What happened

Shares of Quidel Corporation (NASDAQ:QDEL), a molecular diagnostics specialist with a focus on quick turnarounds, ticked up 9.3% as of 11:26 a.m. EDT on Tuesday in response to a positive development concerning a recent agreement with Alere Inc. (NYSE: ALR). Investors are pleased with a revision that will tack on global rights to sales of a test and the equipment that runs it.

So what 

To satisfy antitrust regulators scrutinizing Abbott's acquisition of Alere, the latter must divest some assets. Earlier this summer, Quidel agreed to scoop up Alere's Triage MeterPro cardiovascular and toxicology assets, along with its business developing B-type Naturietic Peptide (BNP) assays, which are run on Beckman Coulter analyzers and test for heart failure, for $400 million up front and $40 million in contingent consideration.

Rolled-up cash arranged in the shape of upward-sloping chart.

Image source: Getty Images.

After the bell yesterday, Quidel announced it would also acquire global commercialization rights to the BNP business for an additional $240 million in deferred consideration. Investors are pleased with the revision because it looks like Quidel picked up the rights at a fire-sale price. During the 12-month period ended this June, the BNP business generated an estimated $107 million in revenue.

Now what

The sale to Quidel is contingent on Abbott completing its acquisition of Alere. The diagnostics giant expects to close by the end of the month, and Quidel expects its deal with Alere to close within 30 days of the larger acquisition.

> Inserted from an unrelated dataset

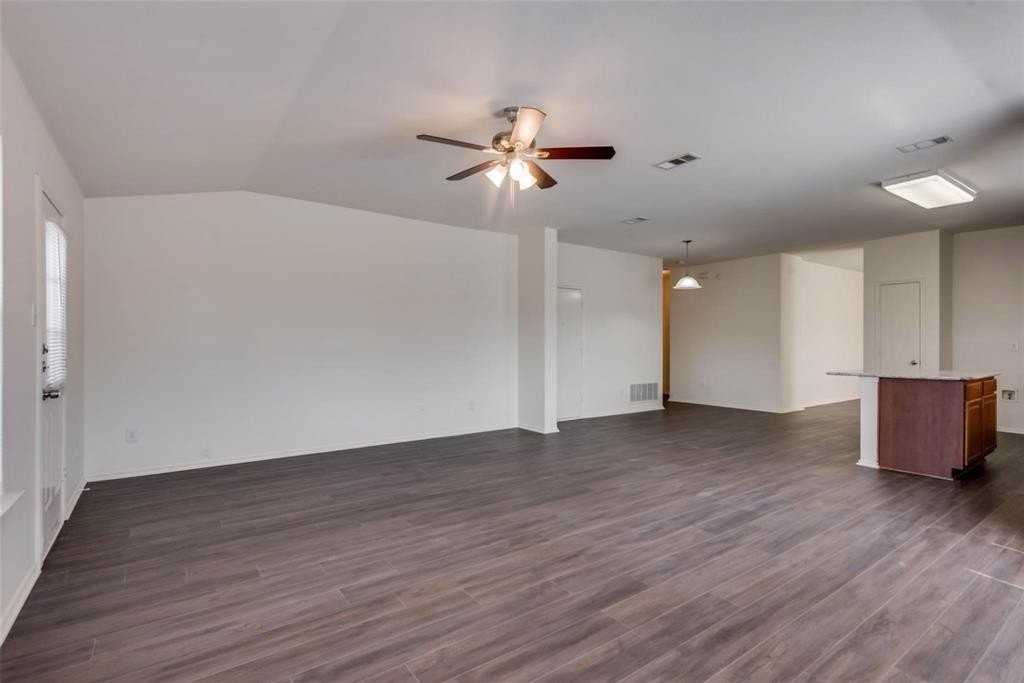 612 Snapdragon Ln - Photo 6 of 13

Quidel stock has risen more than 60% since the original deal with Alere was announced, but investors might want to remain cautious. The company might be getting Alere's assets at a fair price, but it will take on more debt to finance a portion of the deal. The company finished the second quarter with $151 million in long-term debt, which is already an awful lot for a company with operations that have dipped in and out of profitability a few times over the past several years.